[Start of Attachment]

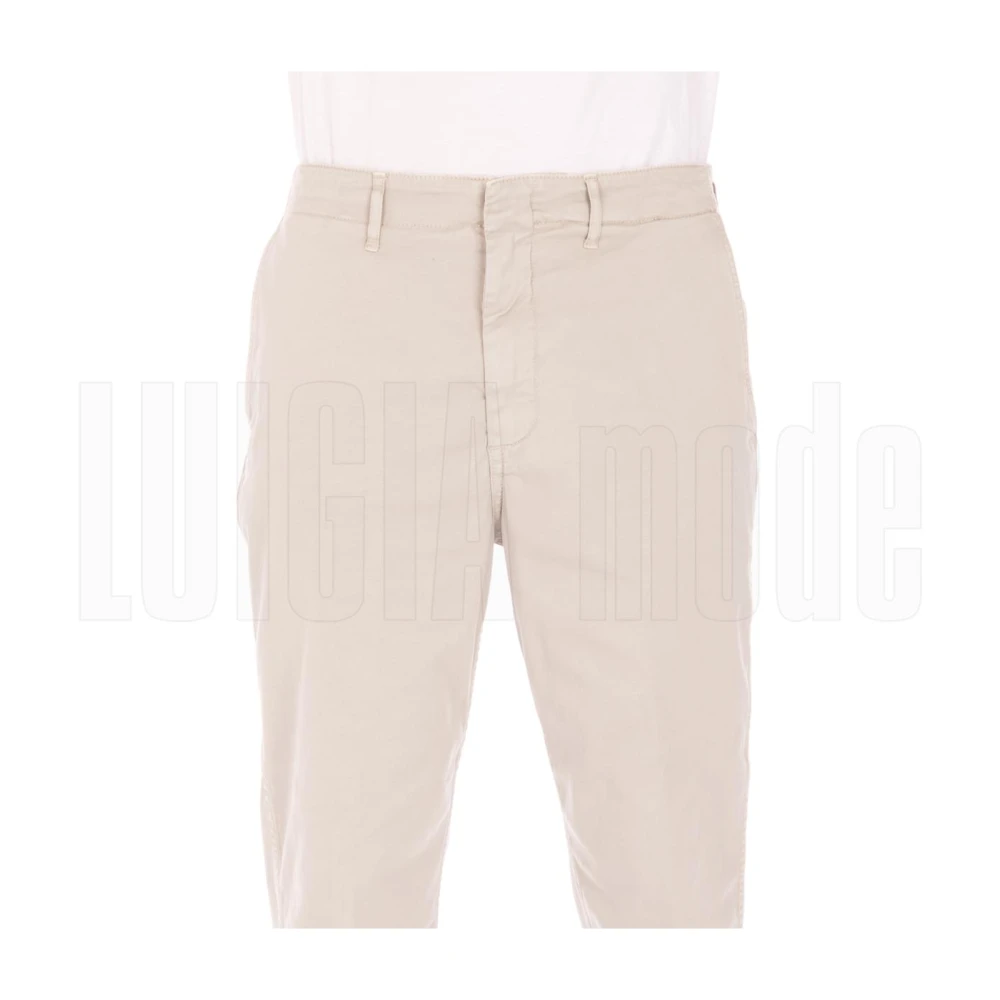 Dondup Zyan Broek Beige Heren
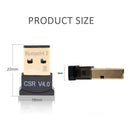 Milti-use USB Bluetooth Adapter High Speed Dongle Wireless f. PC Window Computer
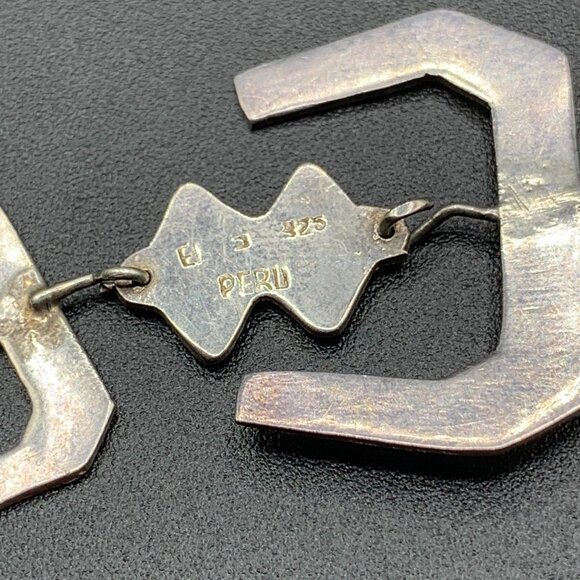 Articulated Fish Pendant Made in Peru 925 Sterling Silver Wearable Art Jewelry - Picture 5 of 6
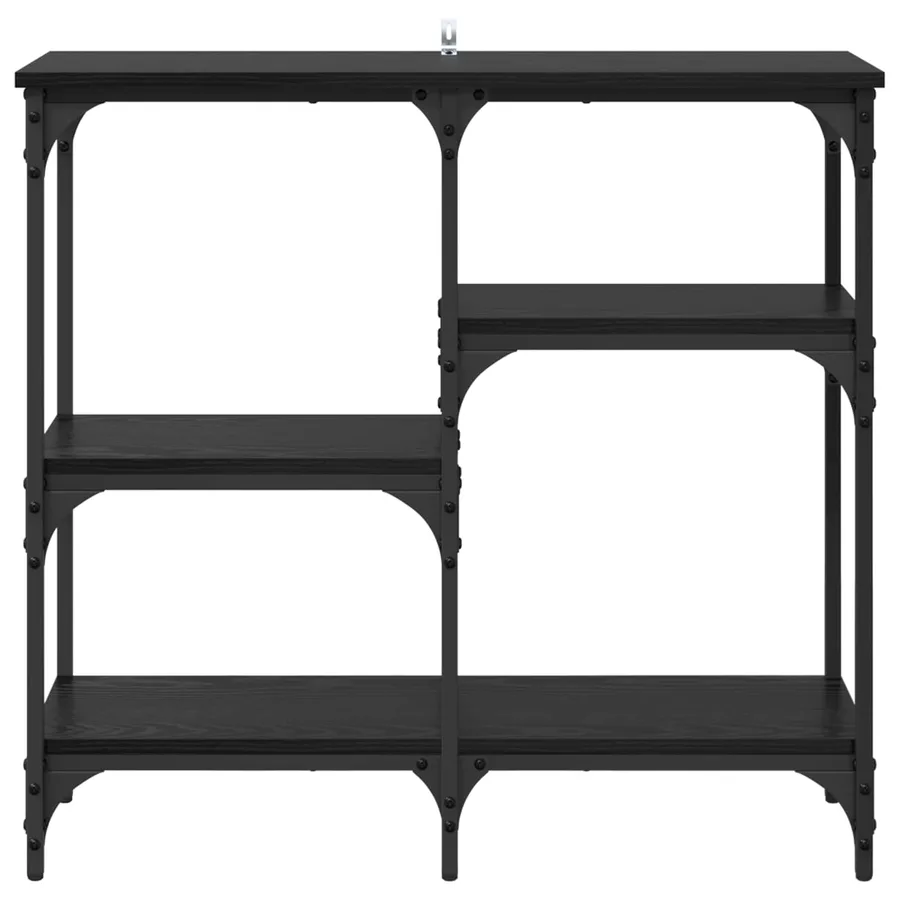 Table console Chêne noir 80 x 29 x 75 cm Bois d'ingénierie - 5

[End of Attachment]

## GOAL OF THE EXERCISE:
In the copy you return, include exactly the lines from the one containing "Articulated Fish Pendant" through the final line of the listing, and no pictures.

## THE ANSWER:
 Articulated Fish Pendant Made in Peru 925 Sterling Silver Wearable Art Jewelry - Picture 5 of 6
 Table console Chêne noir 80 x 29 x 75 cm Bois d'ingénierie - 5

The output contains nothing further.